Stability is stasis, and what we want is progress. We want improvement and increased opportunities.

Which means, if we’re honest with ourselves, we’ll realize that we truly want things to change. We only think we want stability, when the truth is that what we want is certainty.

Which we cannot have.

So how do we deal with uncertainty and make the best of it? First, we stay optimistic.

Even when things are dire, we’ve got to stay positive. As high-performance sports psychologist Michael Gervais once said, “I haven’t met a world-class thinker or doer that isn’t fundamentally optimistic.”

That positivity and optimism will allow us to do the real work of imagining multiple scenarios for the future. Not as a way to predict, but as a way to make sure we’re as prepared as we can be.

This is the art of scenario planning.

As Annie Duke wrote in Thinking in Bets, “Scenario planning reminds us that the future is inherently uncertain. By making that explicit in our decision-making process, we have a more realistic view of the world.”

Scenario planning also makes sure that “we are better prepared for how we are going to respond to different outcomes that might result from our initial decision. We can anticipate positive or negative developments and plan our strategy, rather than being reactive.”

And “anticipating the range of outcomes also keeps us from unproductive regret (or underserved euphoria) when a particular future happens.”

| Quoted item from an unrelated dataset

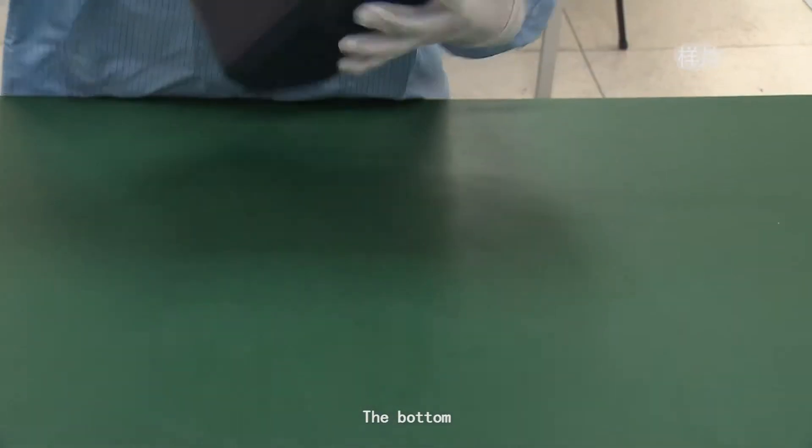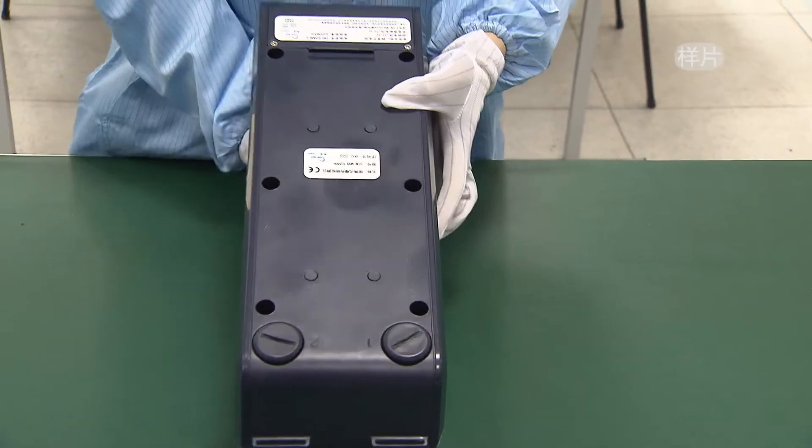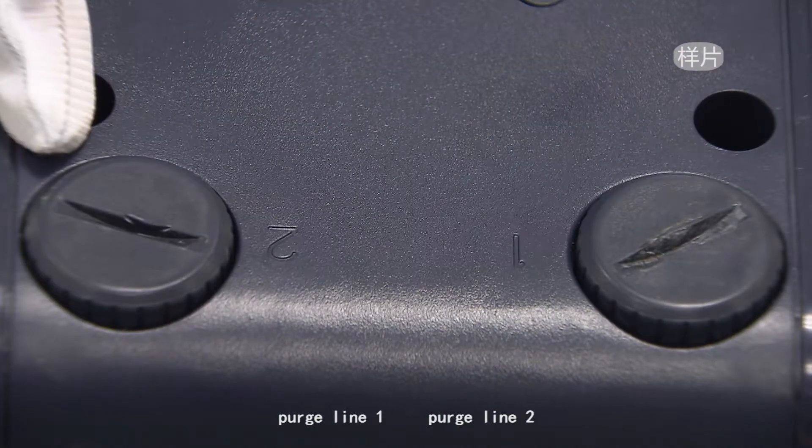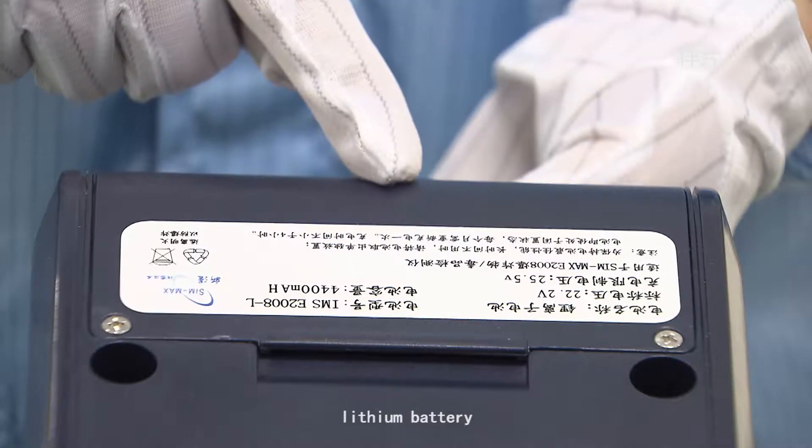The bottom of the device features purge line 1, purge line 2, and the lithium battery.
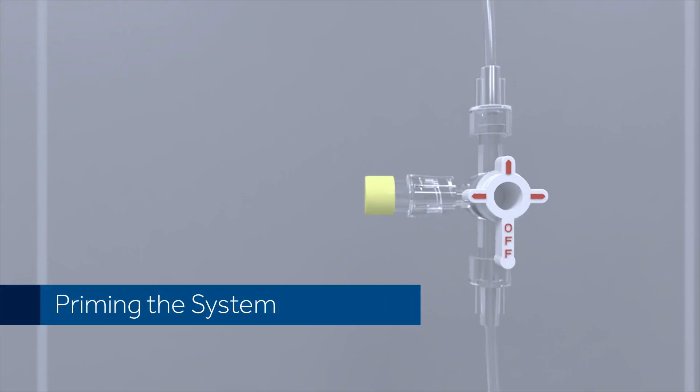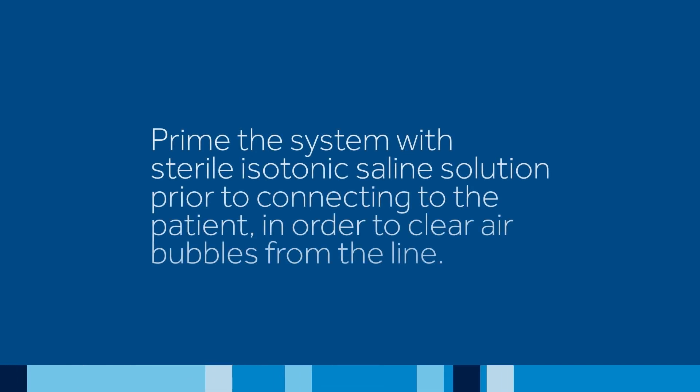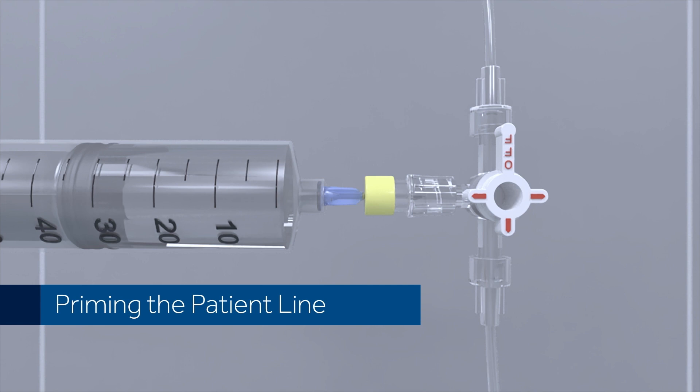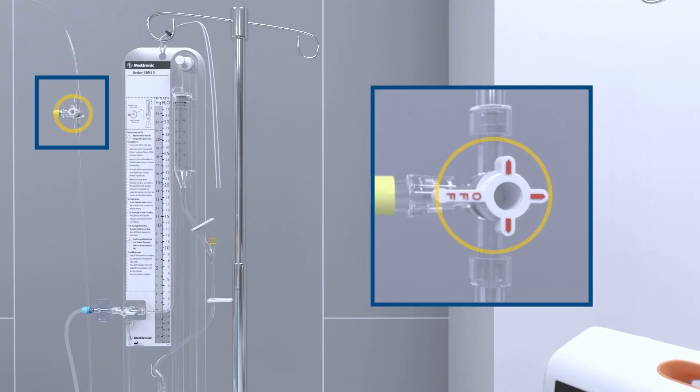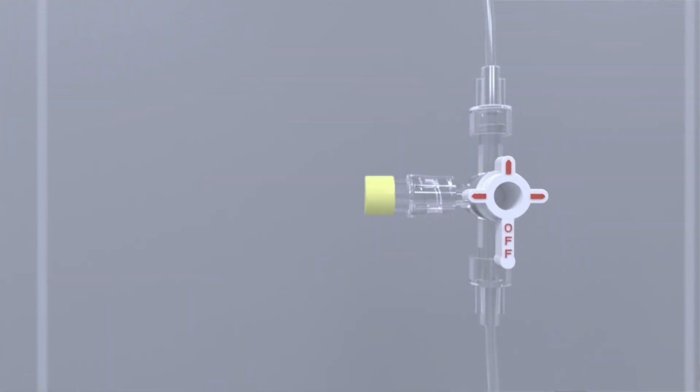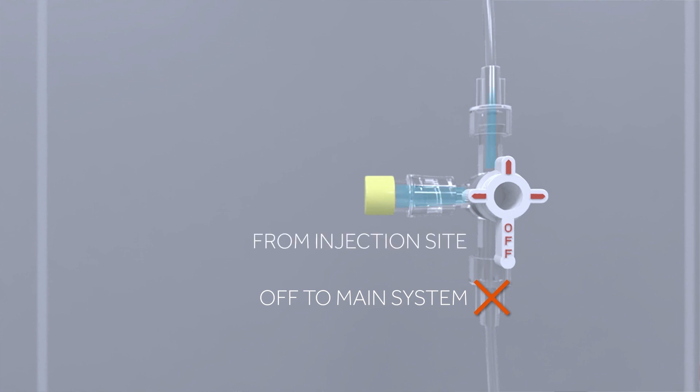Priming the system. Prime the system with sterile isotonic saline solution prior to connecting to the patient in order to clear air bubbles from the line. Priming the patient line. Begin by rotating the patient line stopcock handle inscribed with the OFF indicator toward the main system stopcock. In this position, saline will flow from the patient line sampling site to the short section of patient line tubing only.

It’s not that any single one of our scenarios will transpire in the exact detail we imagined, but by making sure we’re prepared for multiple outcomes, we’re far more likely to be prepared for any outcome that may come to pass.

And we’ll be a lot happier whatever happens. As Duke sums it up, “We are going to do better, and be happier, if we start by recognizing that we’ll never be sure of the future.”

All of this means you can neither wait for certainty before creating your strategy, nor can your strategy assume a single way the world, the market, or the competition is going to go.

The structure you create for your marketing work must admit multiple scenarios, and must include options to change, to seize new opportunities, and divest yourself of underperforming actions.

Which means you can’t commit all your resources to one activity or one opportunity—never bet everything on anything.

You can’t overexert yourself to meet some short-term goal you won’t be able to recover from—only do what you can sustain for the long-term.

And you can’t wear out all your enthusiasm and patience by taking actions you don’t like in the hopes they’ll eventually pay off—they won’t, because you won’t stick with them.

As Lawrence Freedman wrote in Strategy: A History, “Strategy could never really be considered a settled product, a fixed reference point for all decision-making, but rather a continuing activity, with important moments of decision.”

Your strategy is never done, it’s a living, working document and a structure for making decisions—not a set commitment for every decision that you’ll make in the future.

Certainty about anything in the future is merely an attractive illusion. It’s a dangerous mirage more likely to lead us off track than it is to get us where we want to go.

So don’t just accept uncertainty, savor it.

And start working on your marketing strategy today.